Я с готовностью признаю, что те места, где говорится о творении и воскресении, мне не удалось бы написать, не имей я за плечами знакомства с датской «теологией творения». Она научила меня, что бытие и небытие, творение и уничтожение во времени каждый раз происходит в настоящем. Здесь мы пытаемся разгадать загадку, которая занимала умы всех богословов и философов, а именно, вопросу: «Почему вообще существует нечто, а не ничто?». С этой загадкой сталкиваемся мы и в вере в воскресение.
Моя «нарративная экзегеза» переходит здесь в «нарративную герменевтику». Другими словами, для меня важен не только тот смысл, который вкладывался когда-то в чудо воскресения, но и тот, который актуален для нас сегодня.

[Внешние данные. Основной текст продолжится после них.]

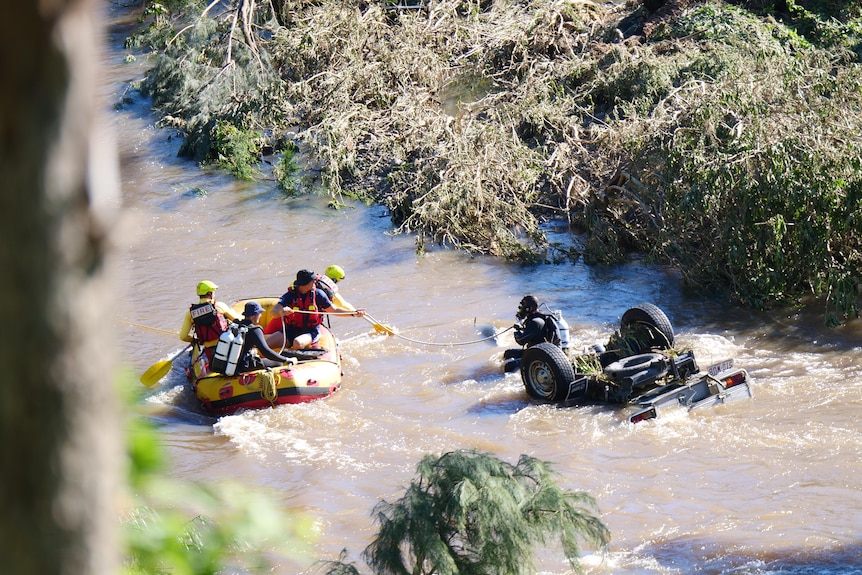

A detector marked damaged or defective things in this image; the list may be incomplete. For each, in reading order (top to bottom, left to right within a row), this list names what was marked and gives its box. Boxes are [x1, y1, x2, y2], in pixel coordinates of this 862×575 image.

Искренне Ваш,Герд ТайсенГлава XVIII Сон о человеке
Из разговора с Метилием я вынес вот что: всякая группа людей и всякий человек стремится укрепить свое положение за счет остальных. Все мы хотя бы раз слышали о том, что нужно щадить слабых. Но когда наши интересы входят в противоречие с интересами других людей, мы готовы скорее принести в жертву их – из страха погубить себя.
Точно так же рассуждал Синедрион: пусть лучше погибнет один человек, чем целый народ потеряет независимость. Они пожертвовали одним человеком ради общих интересов.[256]

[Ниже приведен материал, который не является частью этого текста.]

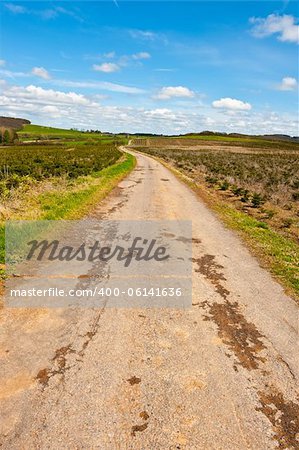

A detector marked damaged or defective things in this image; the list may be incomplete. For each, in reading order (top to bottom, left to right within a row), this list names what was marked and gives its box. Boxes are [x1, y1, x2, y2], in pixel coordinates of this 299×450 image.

cracked asphalt [0, 149, 298, 448]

Похожие соображения двигали Пилатом: пусть лучше кто-то другой умрет, чем его власть будет поставлена под угрозу. Он боялся, что если он не убьет Иисуса, то со следующим мессианским движением ему не совладать.
И народ думал так же: чтобы оградить свои интересы, он потребовал распять Иисуса. Люди боялись, что если Храм и город лишатся славы святых мест, к которым толпами стекаются паломники, это подорвет их благополучие.
Даже Варавва воспользовался этим законом. Вместо него умер другой.
И вот получалось, что все мы были в этом замешаны: стремясь выжить, каждый старался обезопасить себя за счет других, за счет отверженных и осужденных.
Что и говорить, в этой жестокой игре мне выпала далеко не главная роль. Но это было слабым утешением. Разве не уподобились мы все диким зверям, живущим за счет более слабых собратьев? Больше того, разве не пожирали мы себе подобных и не пожирались себе подобными, что в природе, как правило, встречается только между особями разных видов? Каждый живет тем, что притесняет других. И никому не выйти из игры. Но, несмотря ни на что, я не готов был это принять. Пусть мне хоть тысячу раз докажут, что сам Бог создал мир таким! Я никогда не смирюсь с этим!
Оттого, что я принял участие в этой игре, подкатывала тошнота. Отвращение охватывало при мысли, что мне скорее всего предстоит участвовать в ней и дальше. Я не видел другого выхода, хотя, конечно, можно было еще изменить миропорядок! Ведь я буквально только что, в гостях у Метилия, говорил об этом! Но сейчас подобная мысль казалась мне глупой. Ну кто, скажите на милость, совершит эту перемену? Могли ли мы, люди, браться за пересмотр творения? Или нужно было ждать, пока Бог сам создаст мир заново?
Я вернулся домой. Мои мысли делались все мрачнее. Я думал, думал – и не находил ответа.
В таком настроении был я, когда вечером ко мне в дверь постучались: на пороге стоял Варух. Мы не виделись почти полгода. Он приехал очень вовремя. Моя работа на римлян хотя бы в одном оказалась полезной: выполняя их поручение, я смог спасти Варуха. Когда я впервые увидел его, он был совершеннейшей развалиной. Сейчас он стоял передо мной вполне здоровый. На этот раз потерявшимся, сбившимся с пути, лишенным ориентира путником был я!
Мы поднялись по лестнице наверх. Было уже темно. Мы зажгли масляный светильник. Варух начал рассказывать о том, как, не встретив меня в Сепфорисе, он пустился вдогонку по моим следам. Из родного города он привез адресованное мне, скрепленное печатью письмо, которое – так сказал он – просили передать мне какие-то неизвестные люди. Дальнейшие события слились в его передаче в один лишенный связности рассказ. Попав в Иерусалим, он пристал к новой общине. Эти люди будто бы живут в подполье. Все имущество у них общее. Они учат, что голодные насытятся, а плачущие утешатся. Мужчины и женщины, свободные и рабы – все, по их словам, имеют равные права.[257]